Comme je l'ai dit au rapporteur de votre commission, mes interlocuteurs se trouvaient à la direction du budget, de façon tout à fait classique, mais ce ne sont pas eux qui dirigent. J'ai toujours considéré que, lorsqu'un ministre sait où il veut aller, il a les moyens de discuter. À Bercy, à la direction du budget et ailleurs, on considérait que je défendais trop l'hôpital. Je pense que j'étais une ministre assez solide et respectée, parce que je savais ce que je voulais.

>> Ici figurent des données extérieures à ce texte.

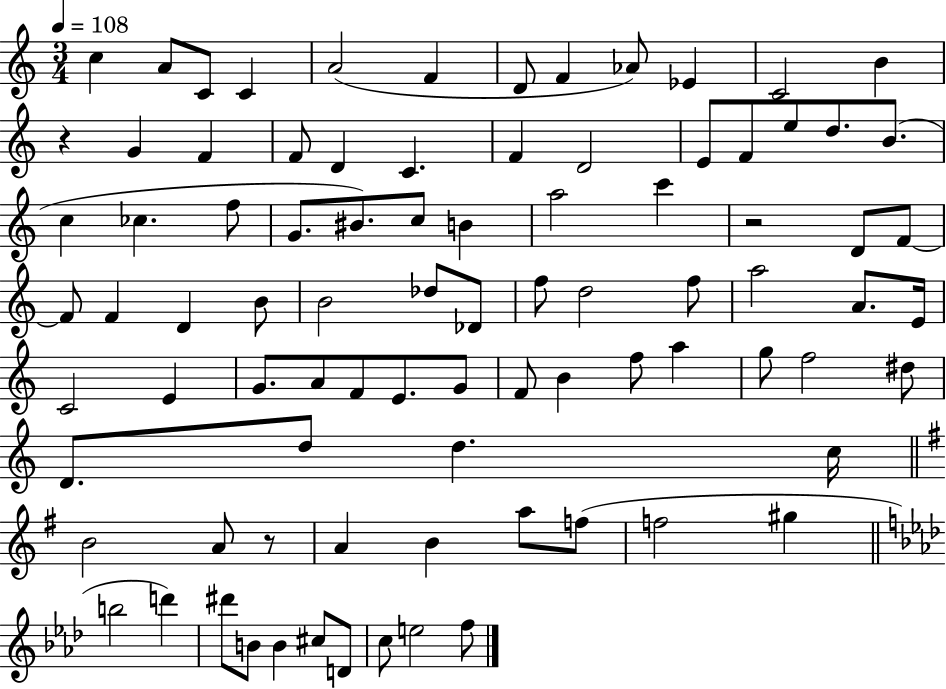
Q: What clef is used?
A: treble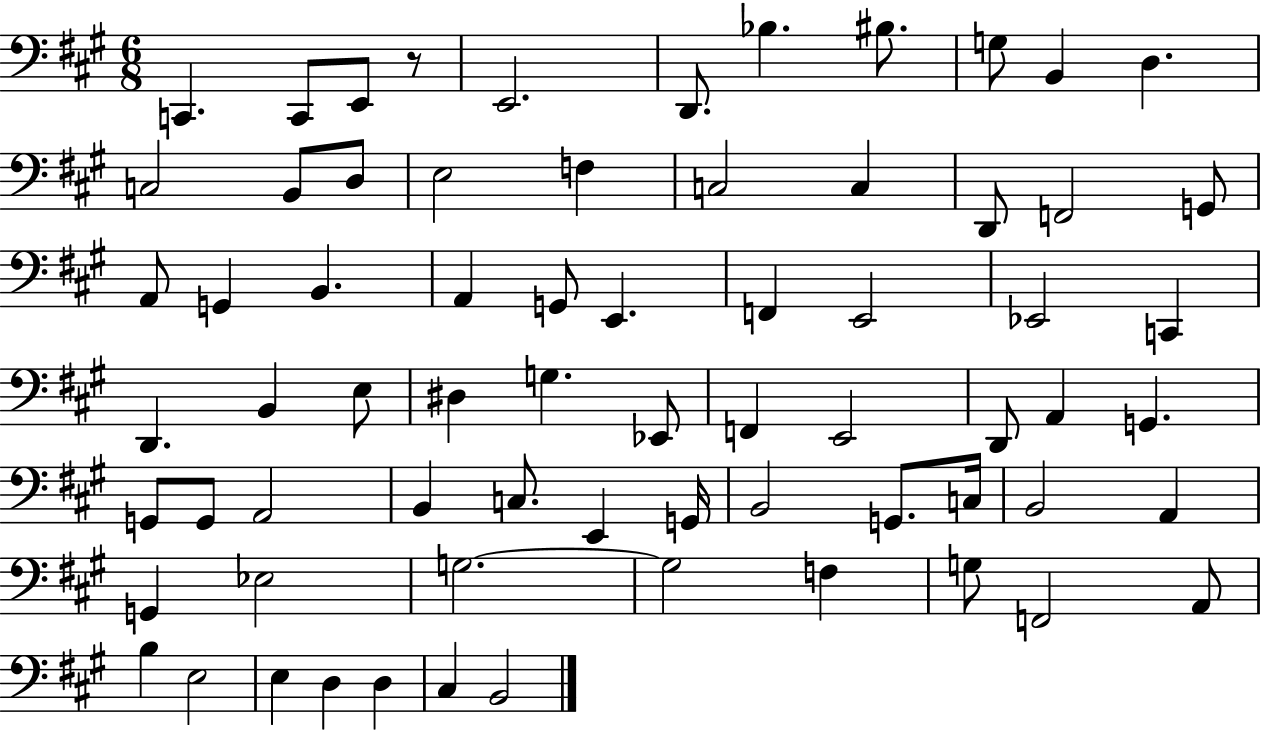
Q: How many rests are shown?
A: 1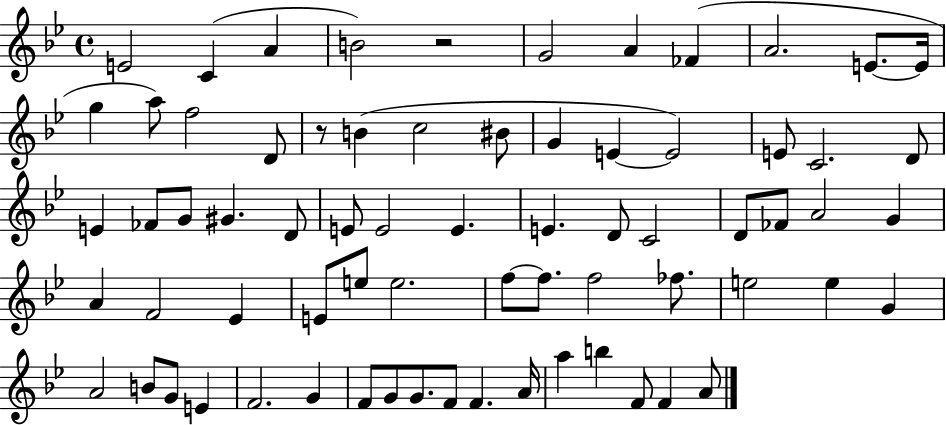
E4/h C4/q A4/q B4/h R/h G4/h A4/q FES4/q A4/h. E4/e. E4/s G5/q A5/e F5/h D4/e R/e B4/q C5/h BIS4/e G4/q E4/q E4/h E4/e C4/h. D4/e E4/q FES4/e G4/e G#4/q. D4/e E4/e E4/h E4/q. E4/q. D4/e C4/h D4/e FES4/e A4/h G4/q A4/q F4/h Eb4/q E4/e E5/e E5/h. F5/e F5/e. F5/h FES5/e. E5/h E5/q G4/q A4/h B4/e G4/e E4/q F4/h. G4/q F4/e G4/e G4/e. F4/e F4/q. A4/s A5/q B5/q F4/e F4/q A4/e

Si des lourdeurs administratives affectent le fonctionnement des GHT, il faut les régler, de même qu'il faut comprendre pourquoi les décisions ne correspondent pas aux demandes et y remédier. Ce n'est pas parce que l'on crée une structure que toutes ses décisions seront nécessairement bonnes. J'ai défendu et je continue à défendre le principe de la coopération, par opposition à l'atomisation, qui favorise les plus gros hôpitaux. Plusieurs rapports, dont certains émanaient de la Cour des comptes, défendaient la logique du « tout-CHU ». Un certain nombre de personnalités, très critiques à mon endroit, plaidaient en faveur de très grosses structures, pas seulement pour les maternités. Ces personnes souhaitaient le passage à un système totalement différent et articulé autour de très gros bastions, de « super-CHU ». Elles considéraient que l'hôpital de proximité appartenait au siècle dernier et devait disparaître – ce qui ne signifiait pas, toutefois, dans leur esprit, la suppression de tous les points d'entrée à des miniservices d'urgence et à la médecine libérale. Si vous laissez faire cette logique, médecins, infirmières et aides-soignantes iront en priorité dans les grosses structures, qui font de la recherche, disposent de plateaux techniques et d'équipements de pointe. Ces dernières absorberont alors toutes les forces vives.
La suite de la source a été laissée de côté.